| The problem |
Look through the records below for the line with "重庆医药卫生学校的助产专业招生情况(2023参考)" and the line with "da diritti Pasticceria", then return those lines and all lines between, exactly.

| Data |
—————

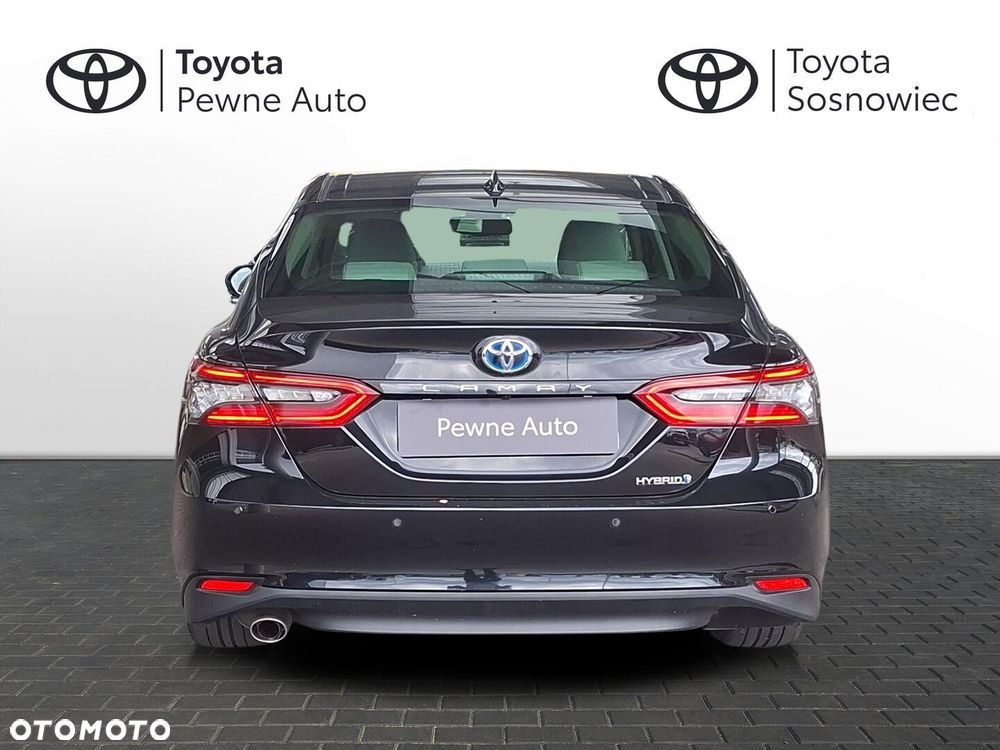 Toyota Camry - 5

—————

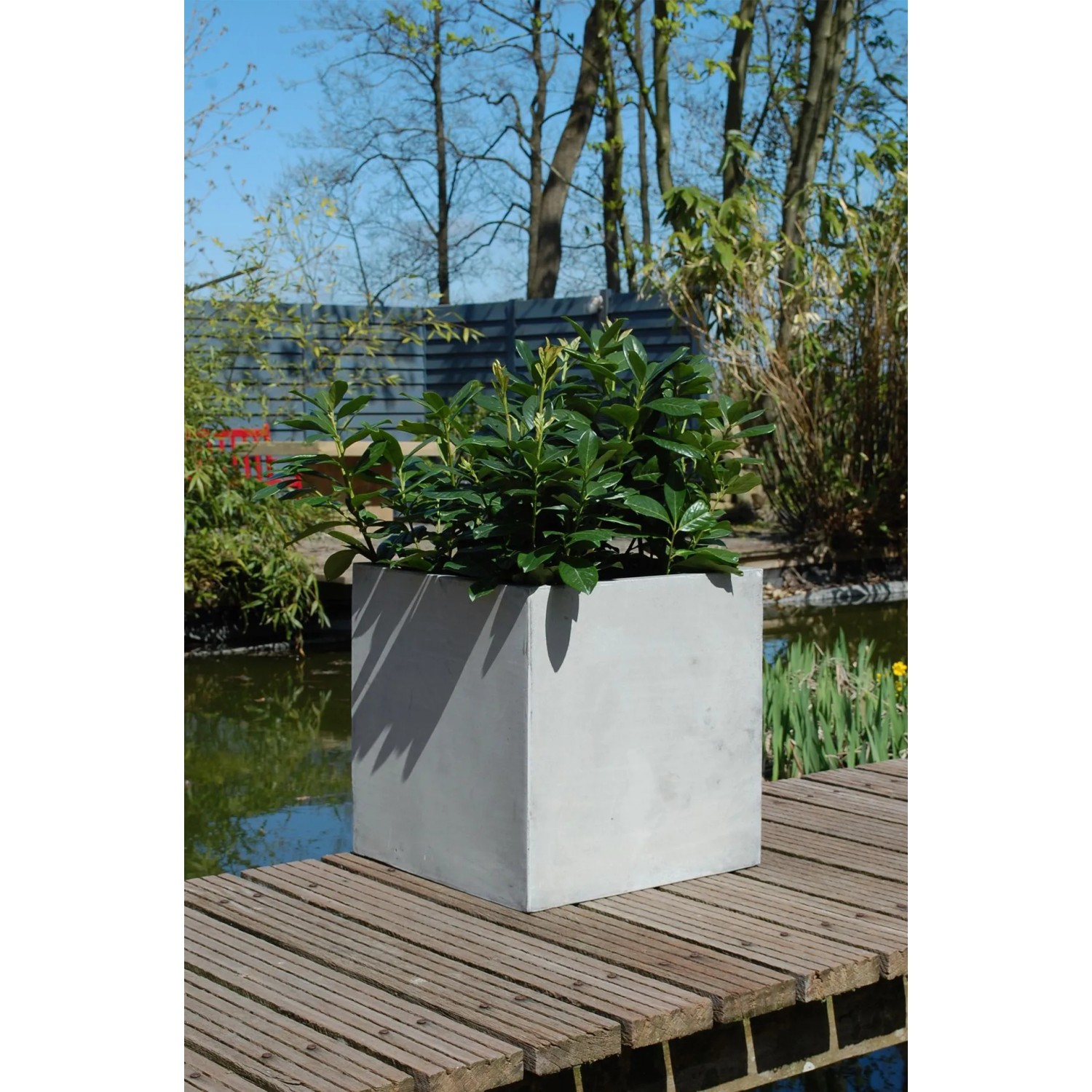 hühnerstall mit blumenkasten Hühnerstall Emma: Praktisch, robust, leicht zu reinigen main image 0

—————

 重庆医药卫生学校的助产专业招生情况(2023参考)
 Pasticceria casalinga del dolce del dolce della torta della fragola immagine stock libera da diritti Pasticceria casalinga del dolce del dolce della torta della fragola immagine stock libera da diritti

—————

| Worked solution |
 重庆医药卫生学校的助产专业招生情况(2023参考)
 Pasticceria casalinga del dolce del dolce della torta della fragola immagine stock libera da diritti Pasticceria casalinga del dolce del dolce della torta della fragola immagine stock libera da diritti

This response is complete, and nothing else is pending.